Colombia’s biggest drug trafficker, ‘Otoniel’, pleaded not guilty Thursday in federal court in Brooklyn to international cocaine trafficking charges pending after his extradition to the United States. He faces life in prison.
Dairo Antonio Usuga David, alias Otoniel, 50, was notably charged with directing a criminal enterprise between June 2003 and October 2021 and with international association of criminals to manufacture and distribute cocaine with the intention of illegally exporting to the United States, said the Brooklyn federal prosecutor.
The Gulf Clan leader appeared handcuffed and dressed in the orange jumpsuit of American detainees. The federal judge decided to place him in pre-trial detention, which he did not contest on Thursday. The next hearing has been set for June 2.
New Escobar
During a press conference which took place shortly before the hearing, the prosecutor referred to ‘one of the most dangerous and wanted drug kingpins in the world’, echoing the Colombian President, Ivan Duque, who Wednesday compared him to Pablo Escobar, the founder of the Medellin cartel shot dead by police in 1993.
‘Otoniel’ was arrested on October 23 in northwestern Colombia during a large military operation. He has been prosecuted for drug trafficking since 2009 in a New York court. His head was priced at 5 million dollars by the United States.
American justice considers that he was the “supreme leader” from 2012 to 2021 of the Gulf clan, a criminal organization that could have counted up to 6,000 men depending on the period and controlling part of the coastal department of Antioquia.

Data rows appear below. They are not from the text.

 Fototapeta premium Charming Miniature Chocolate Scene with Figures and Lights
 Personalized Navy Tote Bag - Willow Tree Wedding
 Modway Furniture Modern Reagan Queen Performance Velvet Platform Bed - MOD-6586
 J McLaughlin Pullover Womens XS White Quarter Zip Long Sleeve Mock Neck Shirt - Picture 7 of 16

To control this territory, “he oversaw an army of henchmen who murdered, kidnapped and tortured victims, including members of the Colombian police and army”, accused the prosecutor.
According to the indictment, between 2003 and 2021 “his clan attempted to export more than 90,000 kg of cocaine to the United States”, underlined the boss of the DEA, Anne Milgram, or 2 billion dollars. of value when sold on the street.